DR. CROUSE: I thought so at first, doctor, until I had come in contact with several other mitral cases that had developed upon the coast. In these cases I tried the nerium oleander in the proper doses, and, at the expiration of a few weeks, had secured as good results as in the first case in which I had used it. I believe by the tests that I gave tincture of nerium oleander in the first case-in other words, taking the patient off the remedy for a week and returning him to it, then testing it again, and finding that when the drug had been stopped that the case declined, and when recommend that improvement took place proves conclusively the merit of the remedy. Fifteen cases to my knowledge have been treated by this remedy so far in Victoria, in all of which good results have been secured.
DR. W. B. COLLINS, Lovelady: I want to say that in this condition it has become a routine practice with me to employ digitalis, combined with bitartrate potash. I also employ reconstructive tonics, etc. Digitalis, in my judgment, gives as good or better results upon the heart in this condition than any other drug at our command.
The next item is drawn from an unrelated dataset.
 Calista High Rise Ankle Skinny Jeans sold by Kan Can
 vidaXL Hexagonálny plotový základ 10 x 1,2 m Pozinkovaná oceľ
DR. H. A. WEST, in closing, said: I have very little to say in closing the discussion upon this subject, except a few words in regard to the use of digitalis. In my opinion, this drug is superior to any other in cases where there is a failure of cardiac compensation. The man who understands how to use this great remedy truly has the sword of the Lord and of Gideon in his hand. With proper administration, in sufficient doses. and with a pure and fresh drug the results are sure to follow. I remember on one occasion where I consulted Dr. Janeway, of New York, upon this subject in a case in my own family, in which, of course, I was deeply interested. His statement confirmed the opinion I have just given as to the superiority of digitalis over all of its congeners. It should be borne in mind that the digitalis leaves found in many drug stores are in many instances inert. By the use of the fresh English leaves in preparing the infusion, or the prescription of Squibb's tincture or of Merck's digitalin in proper doses, you are sure to get good results. Merck's digitalin has an important place where the stomach is irritable, and can be used in much larger doses than that ordinarily laid down in the text-books. I have given this hypodermically in doses of as much as one-thirtieth of a grain, and with good results.